Characterization of the milling-induced hardness gradient in the near-surface material volume of high manganese TWIP steel 1.7401 by nanoindentation

Abstract

The hardness gradient induced by up and down milling in the near-surface material volume of high-manganese TWIP steel 1.7401 was characterised up to a surface distance of 50 μm using nanoindentation. Hereby, even the influence of various small indentation depths was such pronounced that the indentation size effect influenced the measured hardness significantly and was, hence, studied. In a first step, the effect of uniaxial, quasi-static deformation on hardness was investigated, which serves as a comparison to hardening by milling which is associated with a complex, multiaxial deformation. Subsequently, suitable parameters for characterization of the milling induced hardness gradient were identified through variation of indentation depths and indentation depth-to-indent spacing ratios.
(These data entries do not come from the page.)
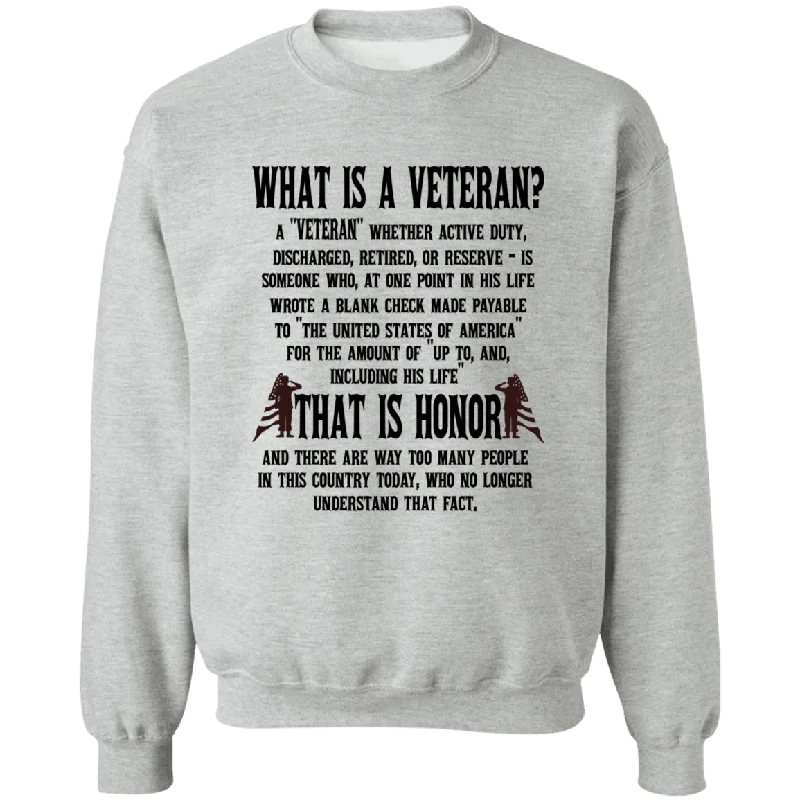 What is a Veteran? Ladies Crewneck Pullover Sweatshirt Port Neck Pullover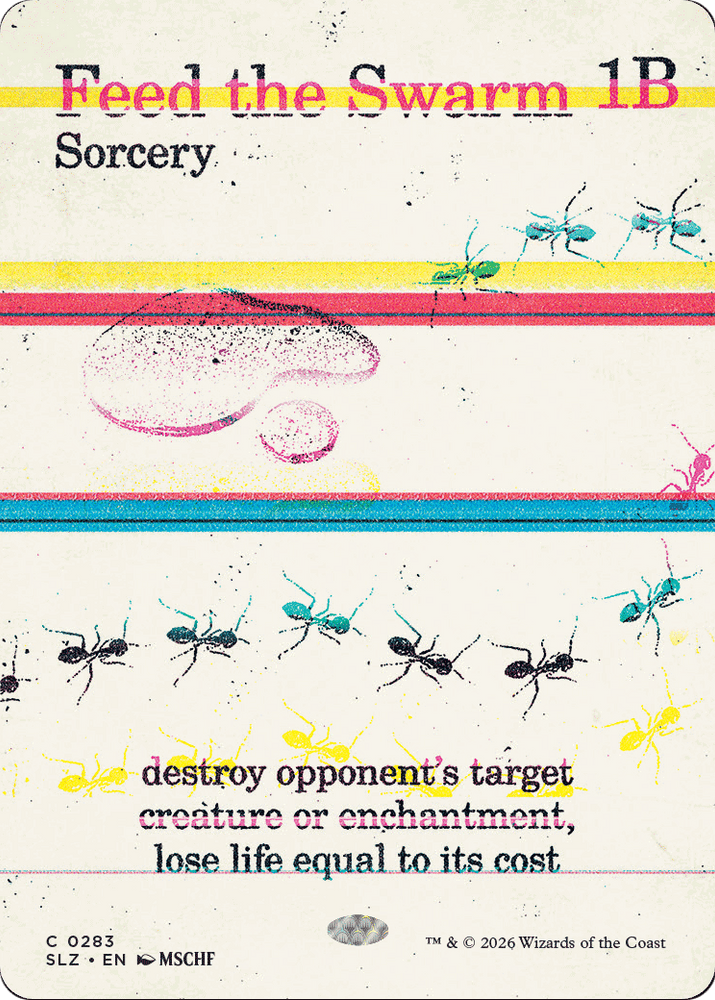 Feed the Swarm (0283) [Secret Lair x MSCHF: The Zeta Set]
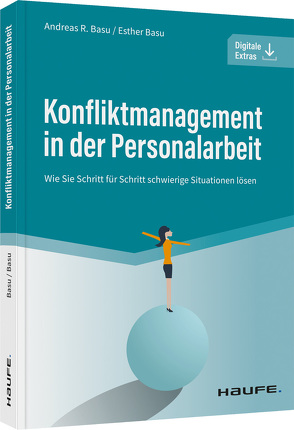 Konfliktmanagement in der Personalarbeit von Basu,  Andreas, Basu,  Esther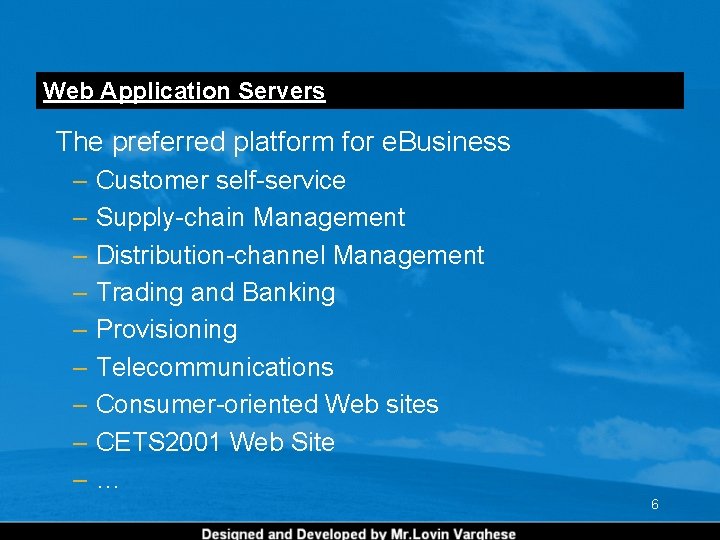 Web Application Servers The preferred platform for e. Business – Customer self-service – Supply-chain Web Application Servers The preferred platform for e. Business – Customer self-service – Supply-chain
Additionally, the near-surface hardness gradient was examined transversely and longitudinally to the feed direction to analyse whether possible process-induced differences occur due to intermittent cutting. Furthermore, the hardness in the nanocrystalline layer was examined in detail and correlated with the respective microstructures, observed through FIB cutting and ion beam imaging. Finally, the hardness gradients after up and down milling were compared, the effect of electrolytic polishing on the near surface hardness gradient was analysed and the hardness in the rolling skin, representing the initial state, was studied. Milling results in a maximum increase in hardness of approximately 50 % in comparison with the base material, and the hardness decreases degressively with increasing distance to the surface up to a depth of approximately 20 μm. Hardness increases in the milling-induced near-surface material which can be attributed to higher dislocation density. The near-surface layer, measuring 1–2 μm in depth, consists of fine-grained material, and the transition to coarser grains corresponds with a change in hardness slope. No significant hardness gradient was detected along the feed direction, and up and down milling results in similar hardness gradients.